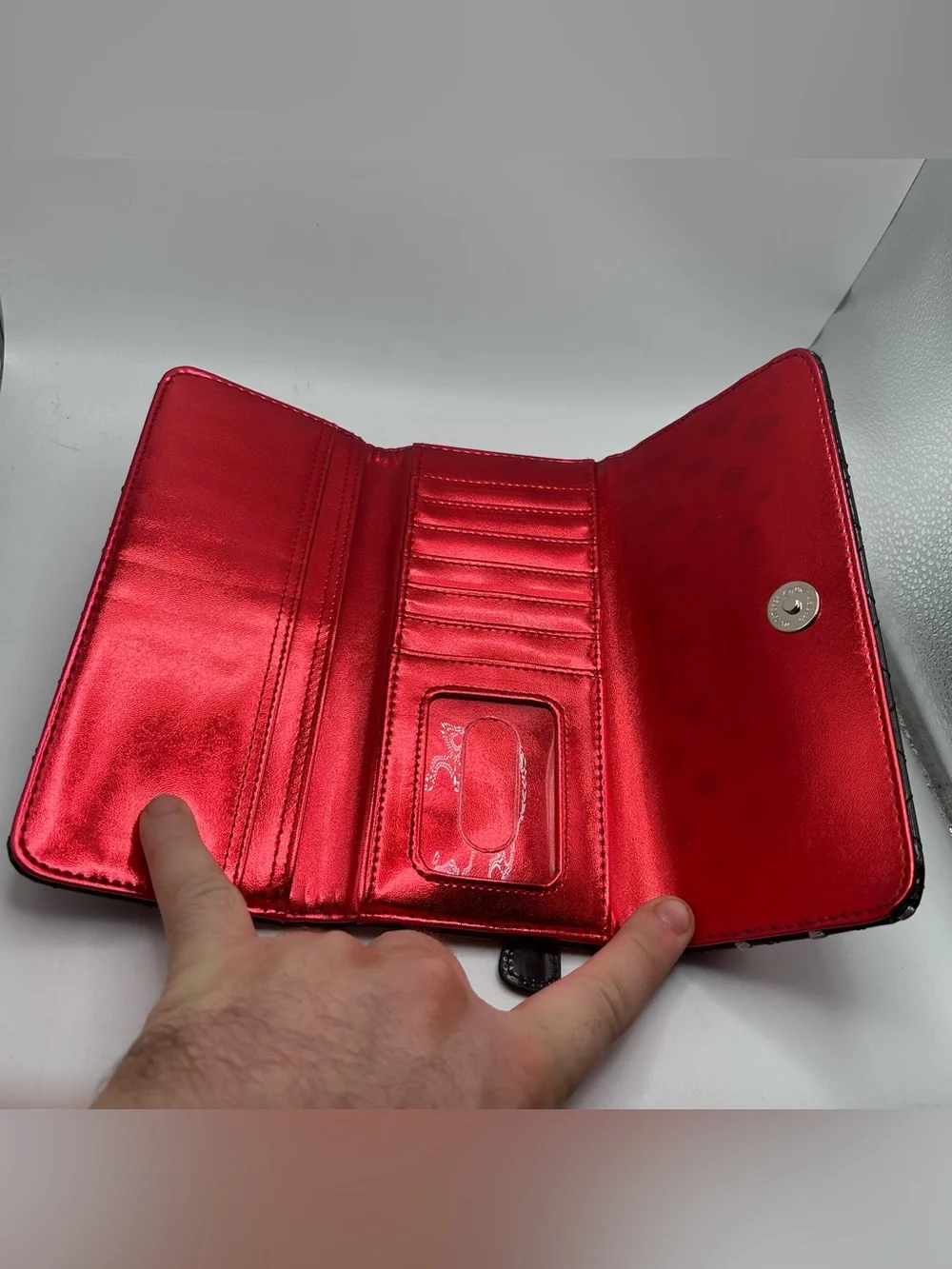 Hello Kitty Loungefly Sanrio Faux Leather Black Trifold Wallet Clutch VTG 2010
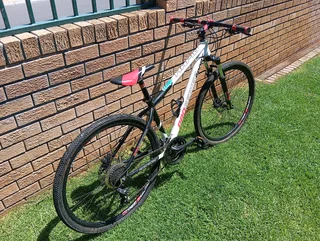 Rapid Pro Series Sport Mountain Bicycle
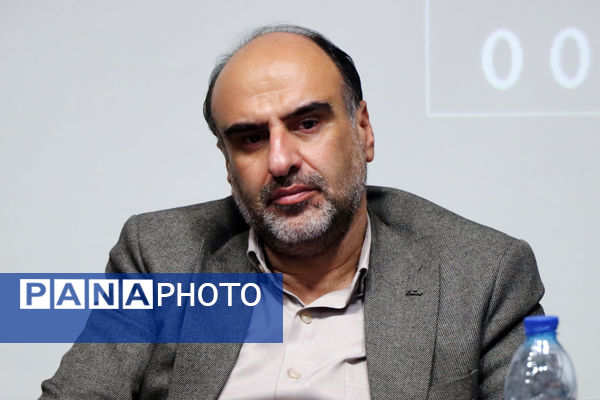 برگزاری نشست خبری مدیرکل راه و شهرسازی استان یزد و مدیران دستگاه‌های متولی مسکن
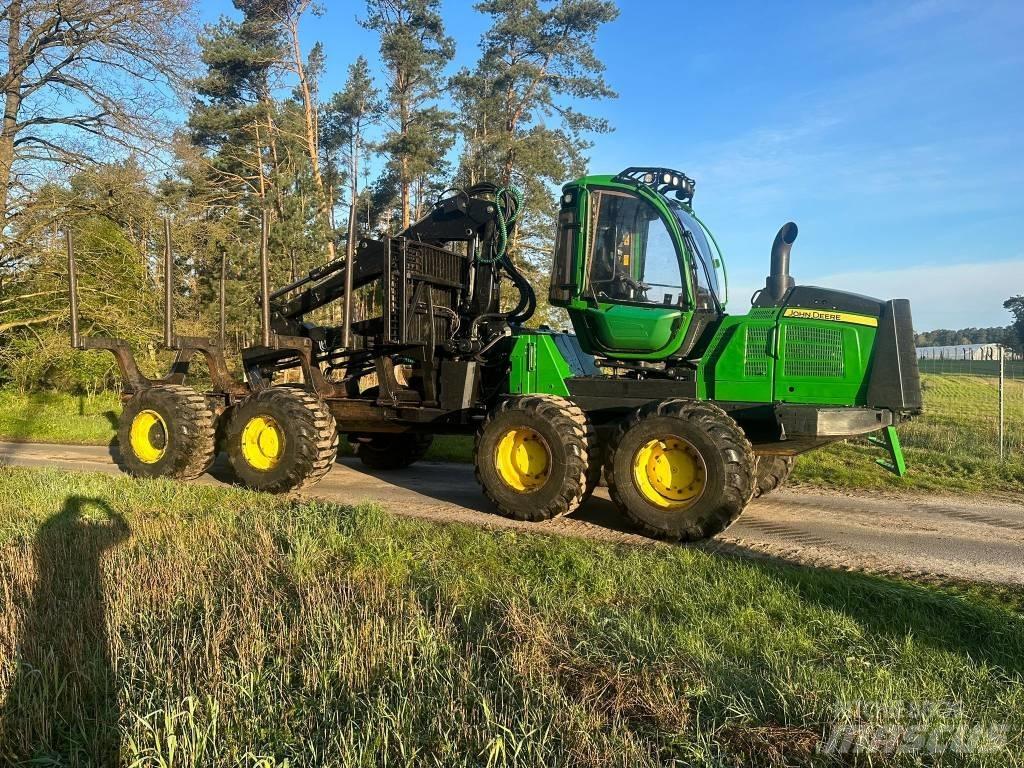 John Deere 1210 E Skotare
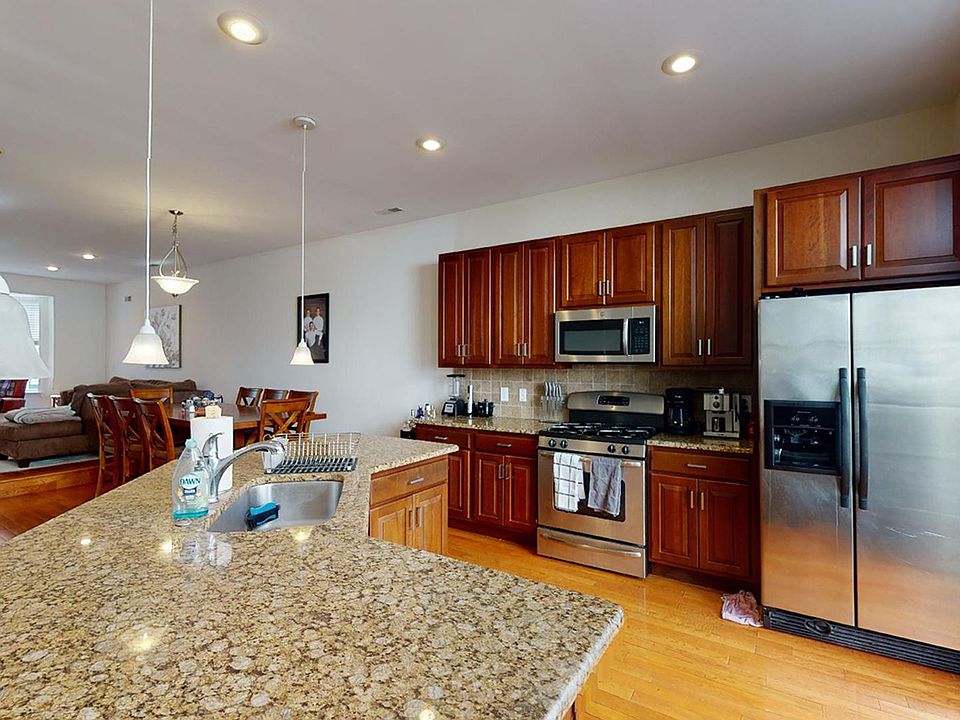 1st image of 1007 S Dorrance St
---
▶ Task prompt: Would you transcribe the whole listing above exactly? The pictures should not be included.

▶ Output of the task:
 Hello Kitty Loungefly Sanrio Faux Leather Black Trifold Wallet Clutch VTG 2010
 Rapid Pro Series Sport Mountain Bicycle
 برگزاری نشست خبری مدیرکل راه و شهرسازی استان یزد و مدیران دستگاه‌های متولی مسکن
 John Deere 1210 E Skotare
 1st image of 1007 S Dorrance St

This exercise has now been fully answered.